In Yaroslavl, Friends of Russian Orphans is represented by our legal Russian counterpart, "YARBOO Friends of Russian Orphans." Originally established to provide a safe conduit through which FRO-USA could distribute funds to good causes, YARBOO has expanded its scope to become a vital advisory and decisionmaking asset in the conduct of FRO's activities.

The YARBOO Advisory Council in YaroslavlThe long-term vision for YARBOO is to expand the group and allow it to become an organization independent of FRO-USA sometime in the future. To make this vision become reality, an active and responsible Board of Directors will need to oversee the organization's activities. We have established the YARBOO Advisory Council as a prototype of the future Board of Directors that will govern the all-Russian YARBOO.

This group currently consists of approximately 10 local orphanage directors, business people and academic leaders -- and even a young small-business entrepreneur who is a "graduate" of a Yaroslavl orphanage. (Click here to read more about the Council members.)

Rationale

In the view of Friends of Russian Orphans, local involvement in the orphans' cause is essential for the long-term success of programs in which Russian orphans benefit. We at FRO believe that our deepest impact may someday be measured by how much we've empowered the local Yaroslavl population to take up the cause of their orphans. From our inception, we have strived to not just include Yaroslavl citizens in our programs, but also to insist on a proactive partnership in which they make decisions in FRO's name based upon their own experience and judgment.

Helping foster local ownership of the orphan situation is not something we expect will come easily; the existing orphanage system in Russia was inspired and is still sustained by the Soviet philosophy that suggests the state will provide for all. Our hope is that the Advisory Council's active and very public involvement on behalf of the orphans will help Yaroslavl residents begin to see the moral and ethical necessity of individual care over collective organization.
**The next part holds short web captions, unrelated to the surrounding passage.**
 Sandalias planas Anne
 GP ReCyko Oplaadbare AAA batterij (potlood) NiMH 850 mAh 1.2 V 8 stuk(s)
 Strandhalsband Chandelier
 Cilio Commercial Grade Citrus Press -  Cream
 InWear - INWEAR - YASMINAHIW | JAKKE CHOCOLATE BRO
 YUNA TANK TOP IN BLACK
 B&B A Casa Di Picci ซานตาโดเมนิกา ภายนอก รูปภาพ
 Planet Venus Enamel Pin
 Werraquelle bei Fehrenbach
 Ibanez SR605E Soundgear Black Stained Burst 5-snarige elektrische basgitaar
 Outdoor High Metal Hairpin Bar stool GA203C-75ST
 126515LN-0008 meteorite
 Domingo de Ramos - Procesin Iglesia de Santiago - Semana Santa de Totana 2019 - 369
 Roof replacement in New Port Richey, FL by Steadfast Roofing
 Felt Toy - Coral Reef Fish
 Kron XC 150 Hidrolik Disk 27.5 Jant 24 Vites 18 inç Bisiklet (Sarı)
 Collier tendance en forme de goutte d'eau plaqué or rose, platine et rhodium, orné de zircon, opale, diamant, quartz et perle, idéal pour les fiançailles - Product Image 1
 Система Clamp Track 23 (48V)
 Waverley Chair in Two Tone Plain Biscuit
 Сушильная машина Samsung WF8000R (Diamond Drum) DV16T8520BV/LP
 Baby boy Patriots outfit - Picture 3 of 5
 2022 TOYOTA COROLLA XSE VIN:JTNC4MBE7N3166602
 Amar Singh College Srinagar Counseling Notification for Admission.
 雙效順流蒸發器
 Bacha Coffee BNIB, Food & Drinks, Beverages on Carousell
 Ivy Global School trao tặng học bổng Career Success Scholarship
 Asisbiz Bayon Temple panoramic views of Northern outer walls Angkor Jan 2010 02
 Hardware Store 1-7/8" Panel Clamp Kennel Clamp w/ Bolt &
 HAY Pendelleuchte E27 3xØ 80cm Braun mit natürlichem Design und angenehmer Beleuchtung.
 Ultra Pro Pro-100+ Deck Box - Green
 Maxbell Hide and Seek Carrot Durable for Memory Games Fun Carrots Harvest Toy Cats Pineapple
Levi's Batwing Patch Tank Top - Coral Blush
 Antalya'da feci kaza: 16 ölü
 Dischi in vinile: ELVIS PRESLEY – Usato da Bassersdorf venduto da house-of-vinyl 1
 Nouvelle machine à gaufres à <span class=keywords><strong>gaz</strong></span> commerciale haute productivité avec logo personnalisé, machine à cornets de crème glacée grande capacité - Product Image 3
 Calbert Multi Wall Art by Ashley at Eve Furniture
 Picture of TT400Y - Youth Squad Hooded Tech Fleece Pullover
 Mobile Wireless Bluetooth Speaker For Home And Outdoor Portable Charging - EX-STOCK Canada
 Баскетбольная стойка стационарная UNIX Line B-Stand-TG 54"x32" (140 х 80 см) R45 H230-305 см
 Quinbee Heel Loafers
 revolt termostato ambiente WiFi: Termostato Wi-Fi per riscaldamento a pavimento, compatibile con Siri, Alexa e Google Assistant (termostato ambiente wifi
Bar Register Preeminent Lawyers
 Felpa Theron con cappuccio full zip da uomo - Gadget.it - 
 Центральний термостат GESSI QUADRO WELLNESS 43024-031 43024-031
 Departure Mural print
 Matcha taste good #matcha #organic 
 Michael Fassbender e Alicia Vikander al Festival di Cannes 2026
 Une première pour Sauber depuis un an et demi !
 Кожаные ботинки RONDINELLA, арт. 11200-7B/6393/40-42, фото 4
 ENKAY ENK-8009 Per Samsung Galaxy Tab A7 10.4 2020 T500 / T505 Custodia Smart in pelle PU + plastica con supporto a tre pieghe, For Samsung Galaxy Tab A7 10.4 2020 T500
Lastly, FRO-USA realizes that its role in Yaroslavl will always be that of a foreign charity; while helpful in providing funds and guidance, our continual presence will not help the Yaroslavl people take full control over the destiny of its orphans. By establishing and supporting the eventual independence of the Advisory Council, we hope to contribute to a trend in which foreign charities, in the words of Andrei Kortunov of the Eurasia Foundation, "[encourage] nascent local corporate charities to establish themselves in the field and to develop proper technical skills and institutional capacity."

Project cost

In 2003, Friends of Russian Orphans supplied the Advisory Council with a small amount of funds ($5,000) so they could respond to immediate and inexpensive needs such as emergency prescriptions and art supplies, as well as to cover a shortfall in schoolbooks. Members of the group made formal proposals for the use of these funds, and the entire group then voted on the proposals. At the conclusion of the voting process, the Advisory Council delivered their recommendations to YARBOO Vice President Svetlana Bayumova, who made the suggested purchases. This process was so successful in helping the children that FRO will continue funding the Advisory Council in this manner on an annual basis. (In 2004, FRO allocated $7,000 to the Advisory Council.)

Project status

The Advisory Council was established in mid-2003, and it has met regularly ever since to discuss issues relating to FRO's projects and to organize FRO-sponsored activities for the city's orphans. These meetings have resulted in one of the happiest side effects of the YARBOO Advisory Council: there has been a clear reduction in competition among the city's orphanages. Prior to the establishment of the Advisory Council, the five orphanages were often at odds in their scramble for government funds and aid from Friends of Russian Orphans. In the new environment of cooperation fostered by the we're-all-in-this-together spirit of the Advisory Council, however, the individual homes are working together to help all the orphaned children of the city equally.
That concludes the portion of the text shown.